Refreshingly original

⭐️⭐️⭐️⭐️

The blurb

1973.


Swallow's Farmhouse in deep, rural Norfolk is home to Your People, a commune of free-thinkers and poets seeking a better way. But beneath the veneer of a nurturing, alternative lifestyle, an atmosphere of jealousy and threat is pushing utopia towards the brink of its inevitable collapse.


Raising herself amidst the chaos is a twelve year old survivor, desperately preoccupied with her transition into womanhood. With her mute sister, beloved dog and the re-defining force of her emerging appetites, she marches resolutely towards her future, venturing - with hilarious and horrifying results - through the minefield of an adult world built on hypocrisy and misplaced ideals


The Review

This is one of those reviews where I sort of give you all the reasons why normally I wouldn't like this book and then tell you that actually all these aspects made this a stonkingly great read. What can I say; I'm a complex kind of human...

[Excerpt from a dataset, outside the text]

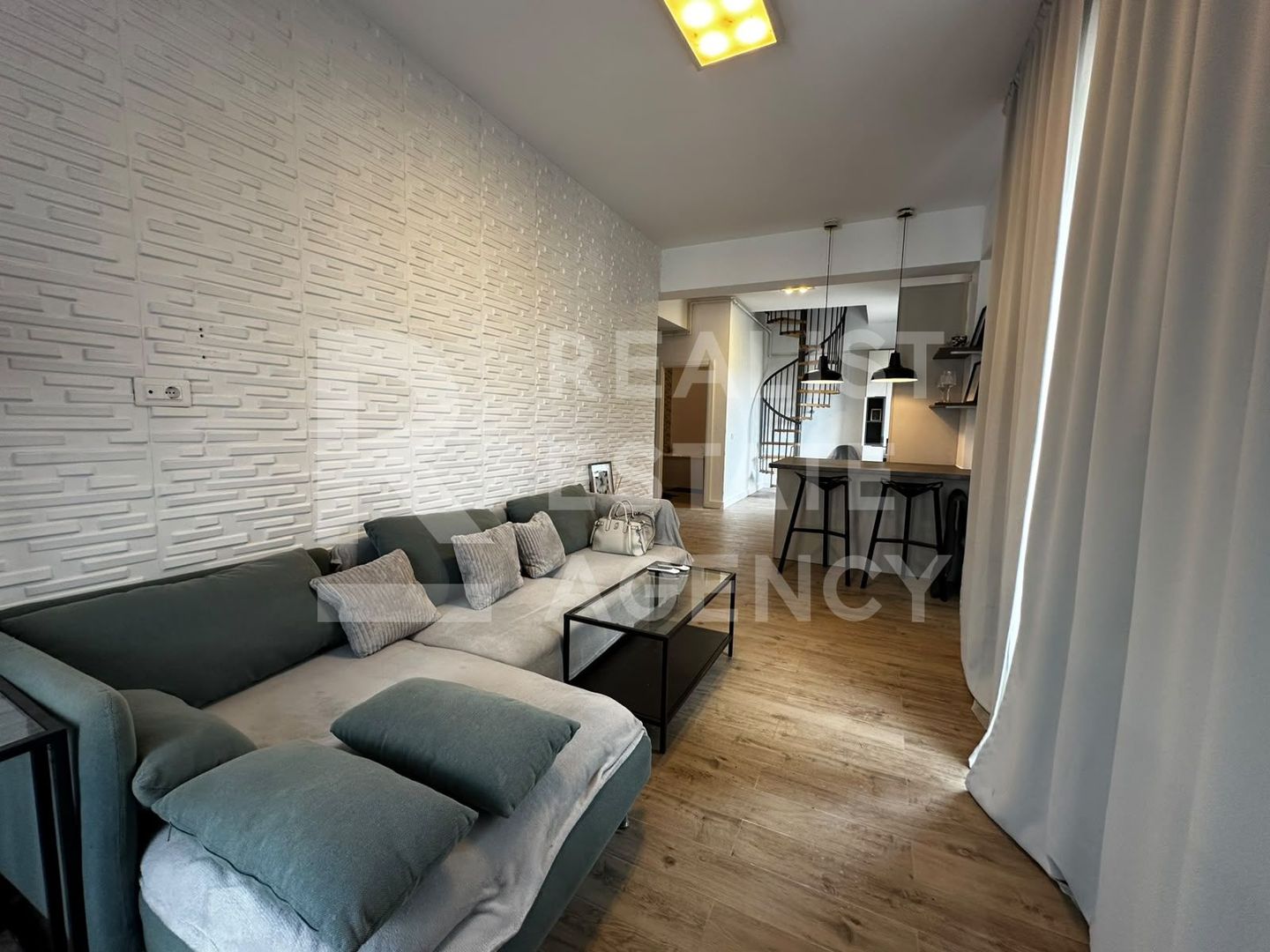 Închiriere, Penthouse cu 2 camere + loc de parcare - Poză 2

I quite unexpectedly enjoyed this. First things first - the writing style is odd. Much of it is written in disjointed, fragmented sentences and is in a stream of consciousness style. It definitely takes some getting used to but by the second chapter I had been absorbed enough by the story that the writing style no longer bothered me. In fact, I liked that the style evoked the strong feeling of confusion and detachment we see mirrored in our central character. We never really know whose viewpoint the story is written from which allows us to feel distanced from the action, like a fly on the wall.


Devoured

Another reason I shouldn't like this book is that there's not a huge amount of plot! Most of the action focuses on a particular period of a few months and actually, there are relatively few events to mark the passing of time. But actually, it focuses on this pivotal moment in a young girl's transition into womanhood and there is a sense that all of the events that do happen are going to affect her deeply and in the end will forever shape the way she perceives the world.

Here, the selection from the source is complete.